Just when we thought that political discourse could not become more parochial and negative after Maharashtra Navnirman Sena (MNS) chief Raj Thackeray’s tirade against migrant workers from UP and Bihar, the Shiv Sena executive president Uddhav Thackeray has proved us wrong. Instead of taking estranged cousin Raj head-on for his tunnel vision, Uddhav, the heir apparent to Shiv Sena supremo Balasaheb Thackeray has weighed in against migrant labour in the modernisation of Mumbai airport. He chillingly spoke of how outsiders would be packed off in a parcel and sent back in a cargo plane. And to think that Uddhav was considered a moderate to his volatile cousin’s over-the-top politics.
The Mumbai police, after dragging their feet while MNS workers were belabouring hapless Samajwadi Party activists on the streets and threatening to widen the conflict, have now filed an FIR against Raj for inciting violence. If fearful migrants had hoped that Thackeray Sr had seen the error of his ways leading the campaign against south Indian workers decades ago, they are barking up the wrong tree. In retaliation to Raj’s politics of belated imitation, the Shiv Sena has become a poor copy of the MNS. While all these ugly shenanigans are going on, two things are clear. One, that neither the MNS nor the Shiv Sena has any vision for Maharashtra with its myriad problems like farmers’ suicides and urban decay. All they seem bothered about is playing to the galleries in Mumbai as if Maharashtra began and ended in the city. Two, even as far as Mumbai is concerned, neither has any constructive agenda to get the tottering megalopolis back on its feet. Their outdated and regressive rhetoric suggests a sharp disconnect with reality. As we have mentioned in these columns, some of Mumbai’s most famous sons and daughters have origins outside the state.

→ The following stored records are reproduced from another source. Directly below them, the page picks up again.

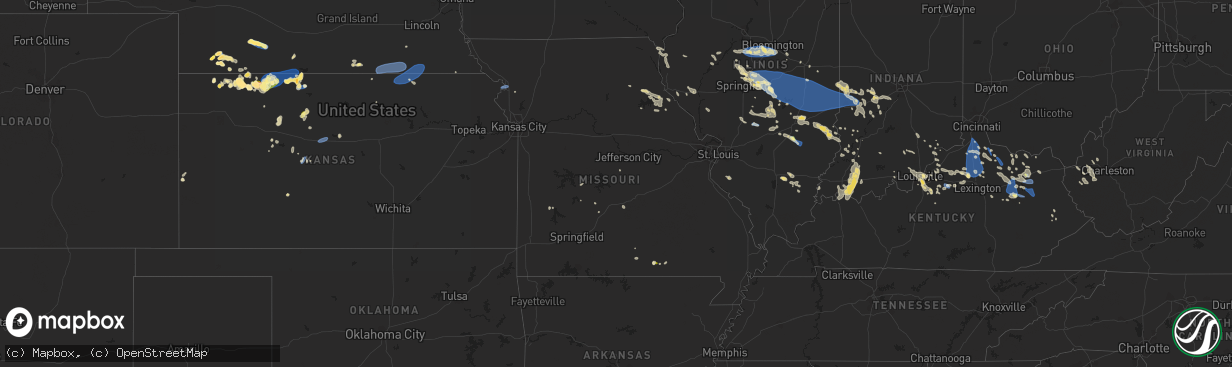 Hail map in Missouri on August 25, 2023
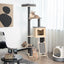 5-Tier Modern Wood Cat Tower with Washable Cushions - Gray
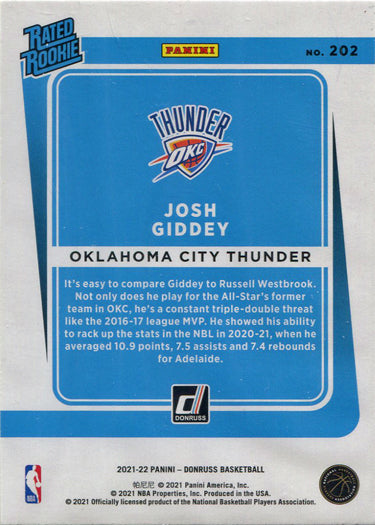 Panini Donruss Basketball 2020-21 Green Yellow Laser Card 202 Josh Giddey
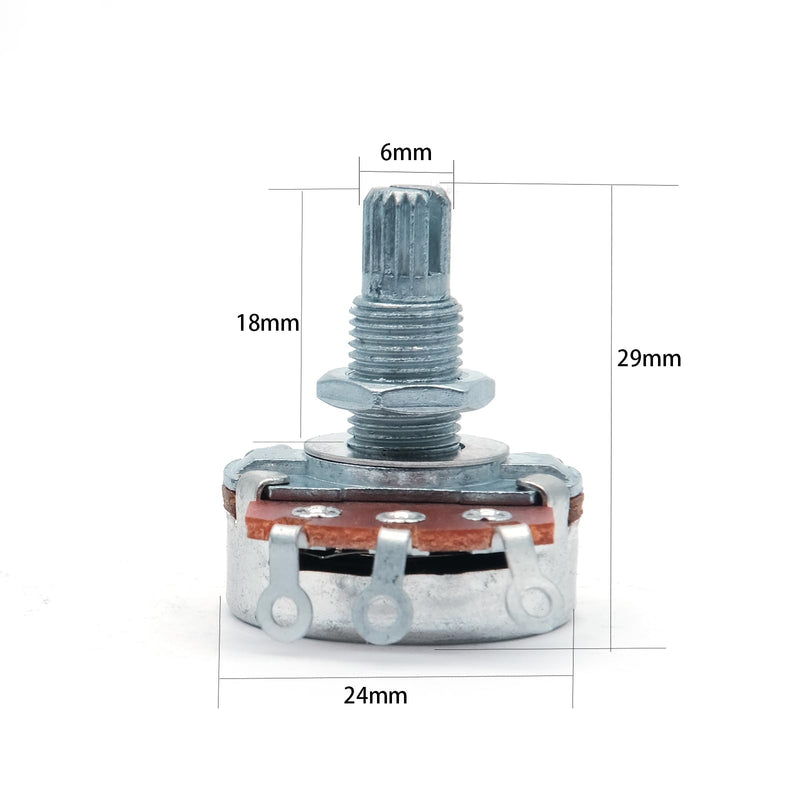 4PCS Guitar Large Potentiometer Audio Volume Taper Pots for Electric Guitar or Bass Guitar (Long 18mm Shaft A500K B500K) Long 18mm Shaft A500K B500K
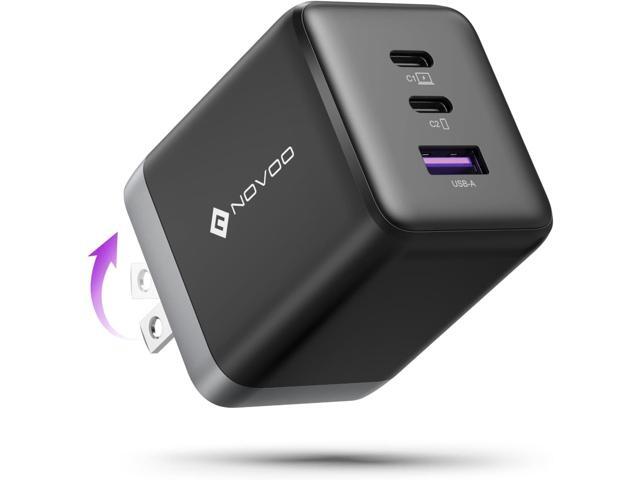 NOVOO 100W USB C Charger Block (GaN III), 3-Port Fast Foldable Compact Wall Charger for MacBook Pro/Air, Dell XPS 13, iPad Pro, Galaxy S24/S23,...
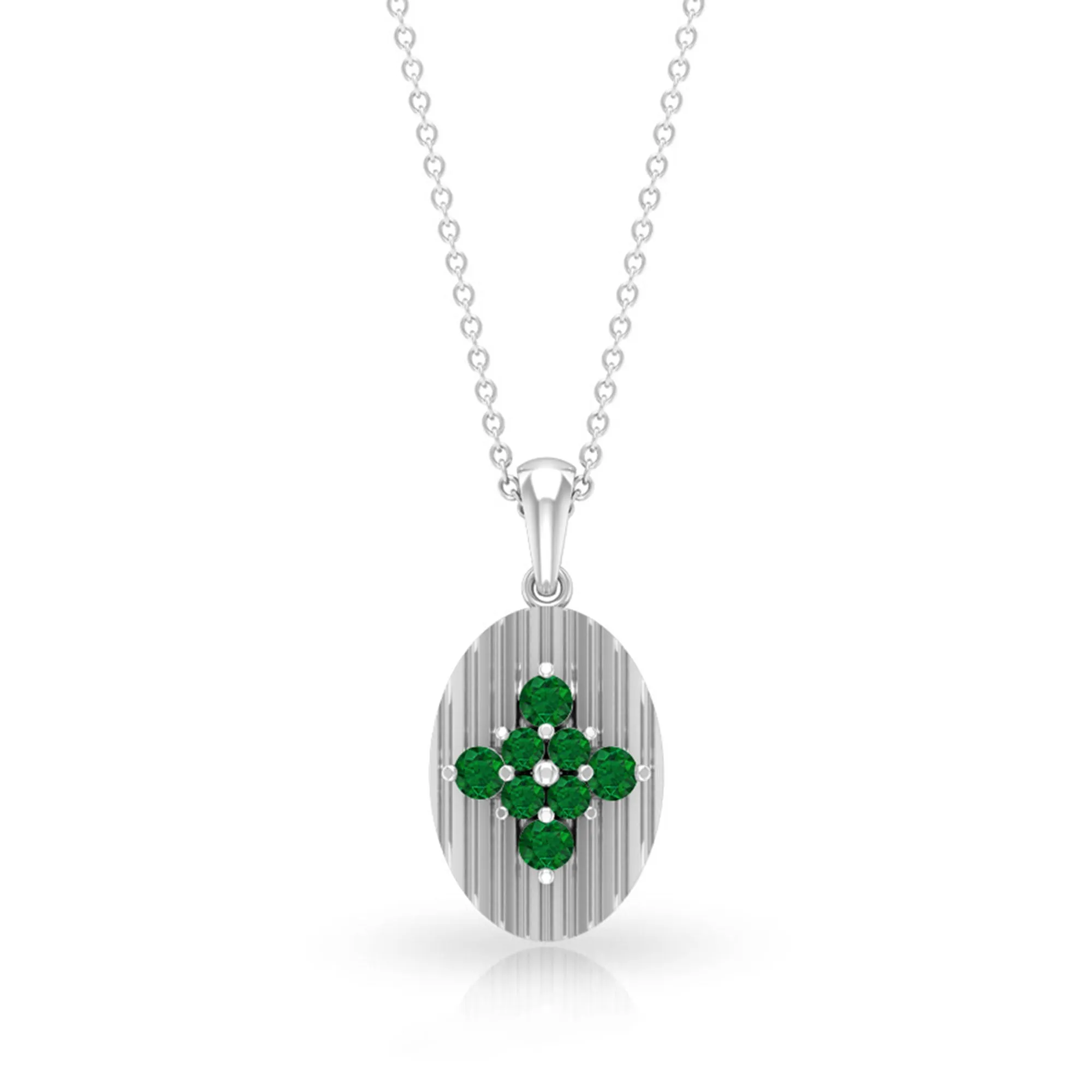 0.5 CT Emerald Cluster Gold Pendant Necklace in Prong Setting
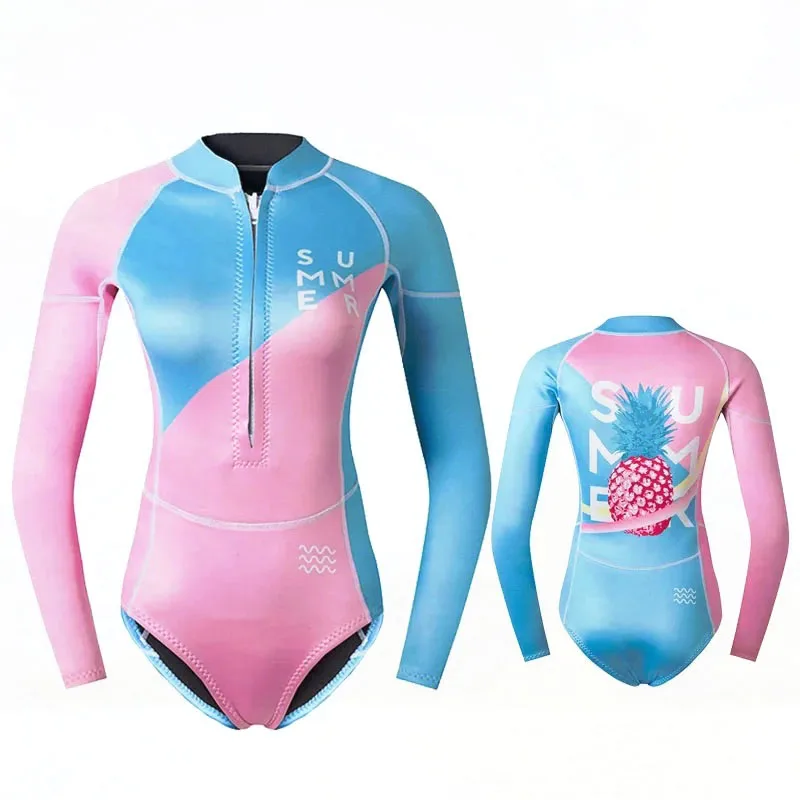 

New Neoprene Wetsuit Women Diving Stockings Long Sleeves Freediving Suit Anti-UV Surf Snorkeling Thermal Fashion Swimsuit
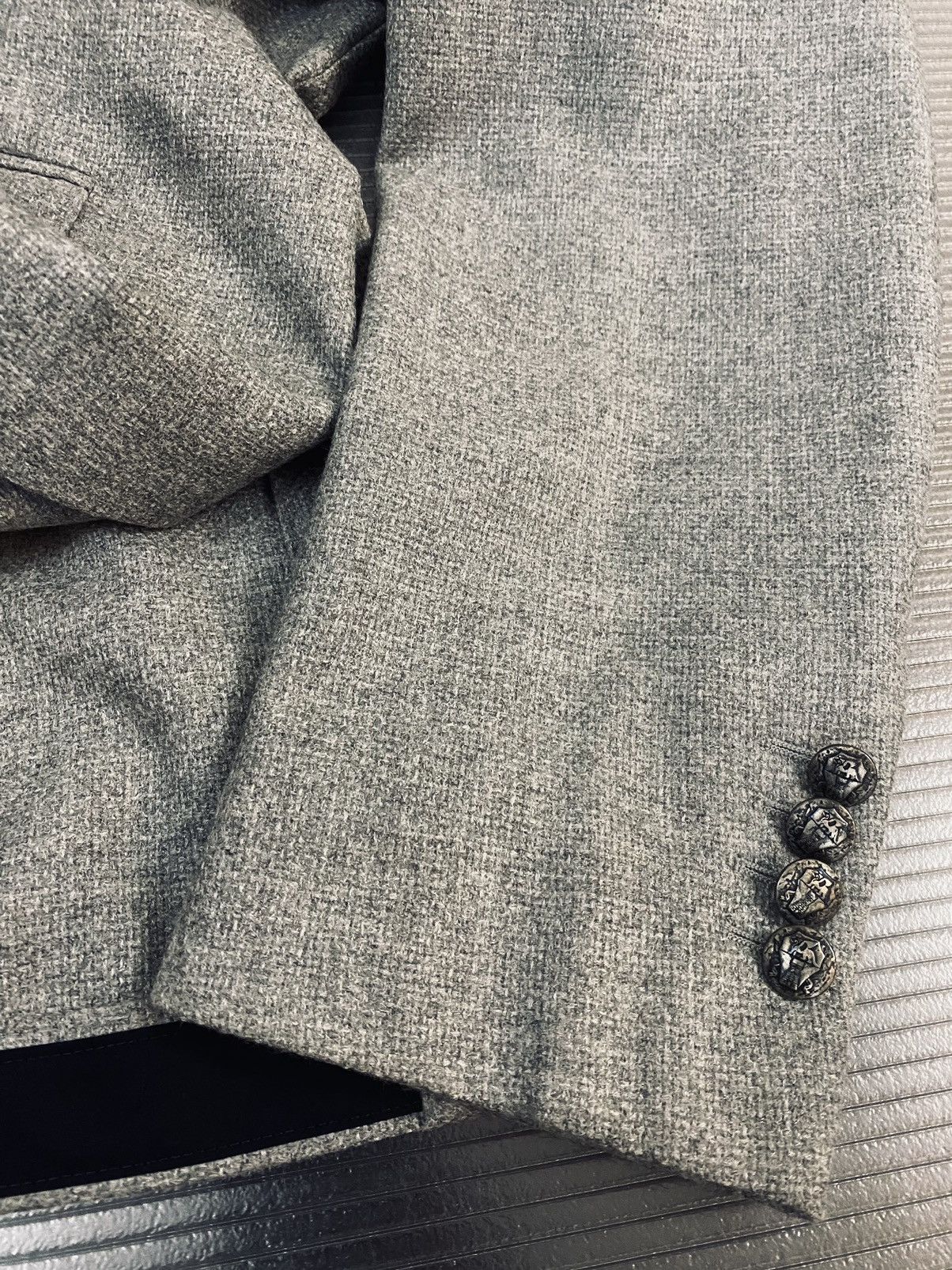 Brunello Cucinelli Brunello Cucinelli 🇮🇹 grey wool/cashmere logo blazer 52 NEW Size 42R - 17 Thumbnail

This narrow-mindedness could well rebound on Maharashtrians outside the state. It does not seem to have struck either party that what they are propounding is blatantly illegal and unconstitutional. Every Indian has a right to travel and work wherever he or she likes. It is ironic that we are clamouring to set up businesses abroad and work and study in foreign countries while trying to stop our own people doing the same within their own country. Publicity is the lifeblood of parties like the MNS and Shiv Sena. But surely there are more constructive ways of staying in the news than to preach the sort of divisive politics that will bring only disrepute to a still great city.